家畜飼育数(87年)は、牛13万頭、羊22万頭、山羊71万頭、ろば3万頭、路駝8万頭と推定され、いずれも増加傾向にあり、食肉、皮革産業などの関連工業も発展しつつある。
87年にわが国は、オマーン政府に対し総額2億米ドルの借款供与協定に調印し、水資源探査活動、特に灌概、農耕機械の近代化など農業開発に積極的な援助・協力を行っている。
オマーンの経済を支えている石油産業は、1964年に国内に初めて油田(Fahud 油田)が発見され、67年に至って商業べ一スに乗る生産が開始され、輸出されるようになった。
87年現在、石油は国内総生産(GDP)の約45%、輸出収入全体の91%以上を占めている。
国内における石油埋蔵量は、87年1月1日現在40億バレルと確認されており、21世紀初期に至るまで87年水準の生産を継統することが可能といわれている。
オマーンは、石油輸出国機構(OPEC)に加盟していないので、自国の生産量を規制されることはないが、概ねOPECの価格政策に基づいた生産を行っている。
86年におけるオマーンの石油生産は、2億430万バレル(日量559,700バレル)で、このうち1億8,750万バレルは輸出に向けられ、9億8,100万オマーン・リアル相当の外貨を獲得している。
85年の後半からマルムール、ニムールおよびサイヤーラなど新油田における生産が相次いで開始された。
86年7月、世界市場の石油価格は過去10年間で最低のレベルに暴落した。
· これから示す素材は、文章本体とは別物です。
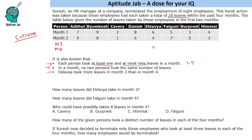Let's look at Byomkesha. He has already taken 17 leaves, so he needs to take 3 more leaves. The only possibility is 1 and 2. Kaveri has taken 3 leaves and has to take 17 more leaves. That will be possible as 8 plus 9. So the 2 extremes are figured out.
このため、OPEC加盟国は減産協定を結んだ。一方、オマーンもOPECの意向を支持して、大幅な減産計画を発表した。
オマーンは、87年2月以降の原油生産を更に5%削減し、87年の国際石油価格を1バレルに付き18米ドルに安定させることに貢献した。
しかし、87年におけるオマーンの実際の生産量は2億1,250万バレル(日量582,200バレル)に増加したといわれ、また石油輸出も1億9,710万バレルに増大して、13億2,800万オマーン・リアル相当の外貨収入を獲得している。